(Source material begins)
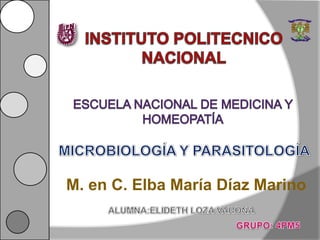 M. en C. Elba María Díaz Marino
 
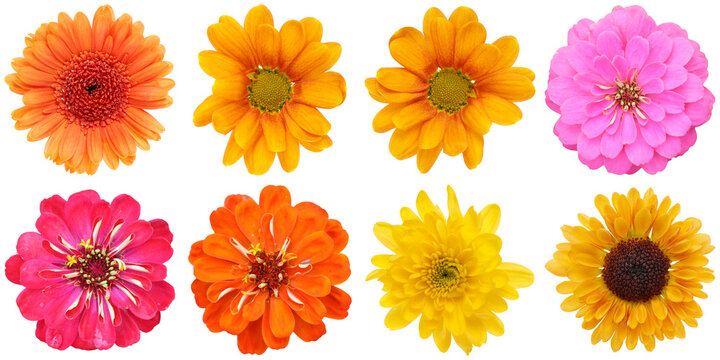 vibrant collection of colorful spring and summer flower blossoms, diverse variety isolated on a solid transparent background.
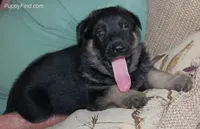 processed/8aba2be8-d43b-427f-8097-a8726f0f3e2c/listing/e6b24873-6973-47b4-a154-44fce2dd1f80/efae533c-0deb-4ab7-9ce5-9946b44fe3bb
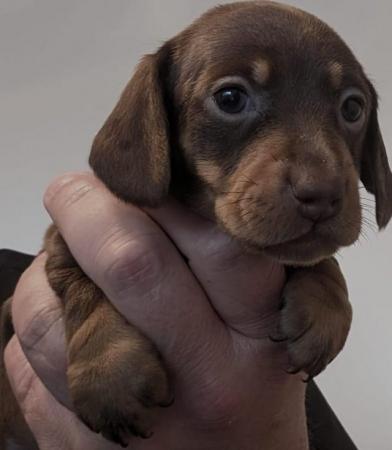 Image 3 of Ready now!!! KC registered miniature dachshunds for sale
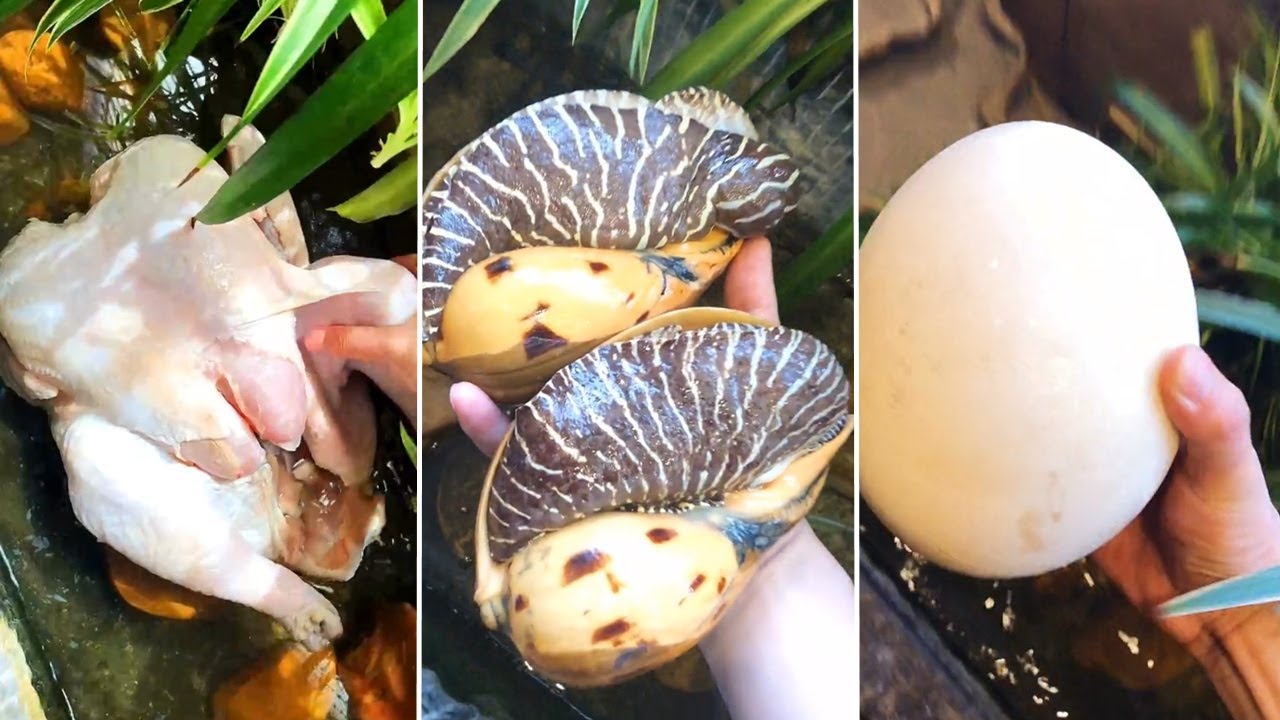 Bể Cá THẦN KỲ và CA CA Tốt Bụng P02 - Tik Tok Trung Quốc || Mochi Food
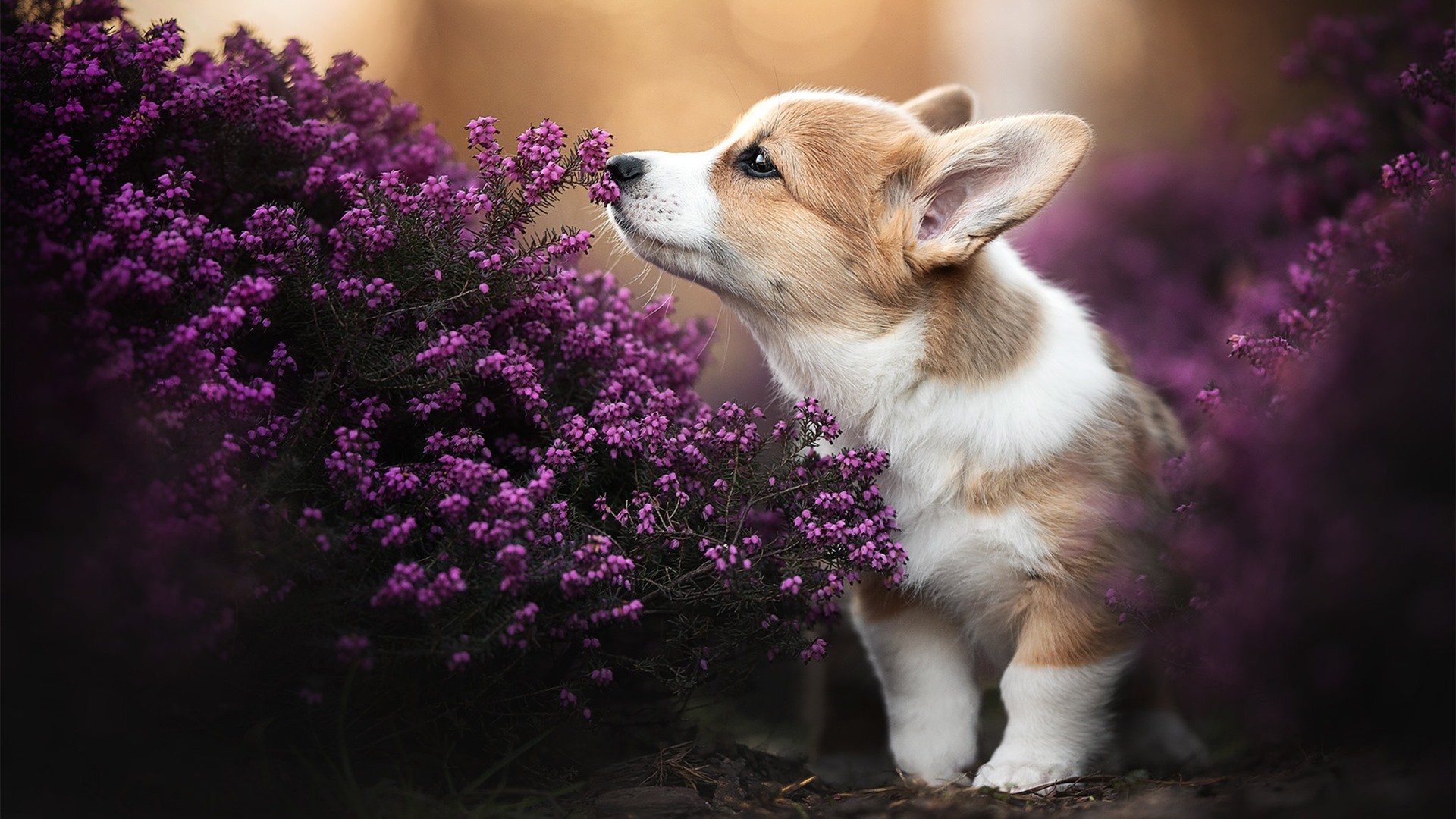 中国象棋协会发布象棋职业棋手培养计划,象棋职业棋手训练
(Source material ends)
(Source material begins)
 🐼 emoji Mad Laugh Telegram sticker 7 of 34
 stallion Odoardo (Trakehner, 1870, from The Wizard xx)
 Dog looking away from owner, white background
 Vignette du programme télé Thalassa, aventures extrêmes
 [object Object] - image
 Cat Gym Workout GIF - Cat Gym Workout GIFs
(Source material ends)
Go back to the listing above and reproduce, exactly, the stretch from the line bearing "M. en C. Elba María Díaz Marino" through the line bearing "中国象棋协会发布象棋职业棋手培养计划,象棋职业棋手训练", without its pictures.

Written solution -
 M. en C. Elba María Díaz Marino
 
 vibrant collection of colorful spring and summer flower blossoms, diverse variety isolated on a solid transparent background.
 processed/8aba2be8-d43b-427f-8097-a8726f0f3e2c/listing/e6b24873-6973-47b4-a154-44fce2dd1f80/efae533c-0deb-4ab7-9ce5-9946b44fe3bb
 Image 3 of Ready now!!! KC registered miniature dachshunds for sale
 Bể Cá THẦN KỲ và CA CA Tốt Bụng P02 - Tik Tok Trung Quốc || Mochi Food
 中国象棋协会发布象棋职业棋手培养计划,象棋职业棋手训练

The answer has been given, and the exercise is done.